Build a Full-Stack SaaS Dashboard
Build a production-ready SaaS dashboard with authentication, role-based access, charts, and real-time data. The kind of project that gets you hired or funded.
- Planning the dashboard architecture
- Authentication and project setup
- API routes and seed data
- Dashboard UI with charts and KPIs
- Role-based access control
- Deployment and production configuration
- Real-time updates with Server-Sent Events
- Performance optimization
- Data export and reporting
- Iteration and continuous improvement
Planning the dashboard architecture
A SaaS dashboard is the nerve center of a software business.

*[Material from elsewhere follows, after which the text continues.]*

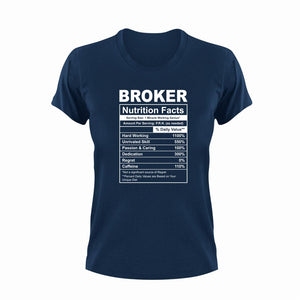 Broker Nutrition Facts Novelty T-ShirtBroker, funny, Ladies, Mens, Nutrition Facts, Unisex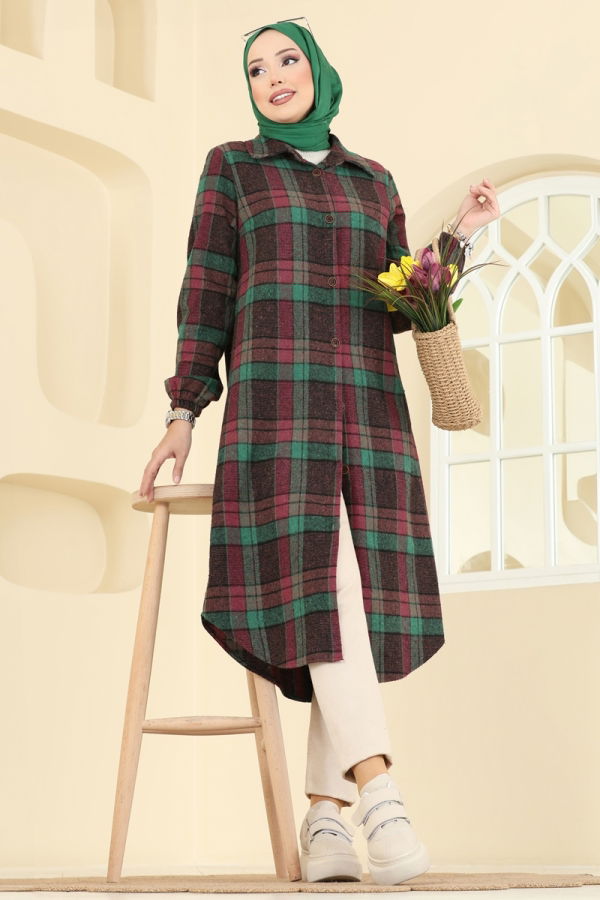 Kare Desenli Ekose Tunik 3068KTR750 Zümrüt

It is where users see their data, manage their account, and get value from your product. Building one teaches you every major web development concept: authentication, authorization, data modeling, API design, state management, and deployment. We will build a project analytics dashboard — imagine a simplified version of Vercel's or Stripe's dashboard. Users sign up, connect their projects, and see metrics like page views, API calls, error rates, and uptime. The dashboard has three user roles: viewer who can see data, editor who can modify settings, and admin who can manage team members. Start by planning the data model. Ask Claude Code: Help me design a database schema for a SaaS analytics dashboard. I need users with roles, organizations that users belong to, projects within organizations, and metrics data including page views, API calls, and errors with timestamps. Use PostgreSQL-compatible types and show the schema as SQL CREATE TABLE statements. Claude Code will produce a relational schema with proper foreign keys, indexes, and constraints. Review the schema before proceeding — the data model is the foundation everything else builds on. A bad schema creates problems that are expensive to fix later. Check that every table has a primary key, relationships use foreign keys, frequently queried columns have indexes, and timestamp columns use timezone-aware types.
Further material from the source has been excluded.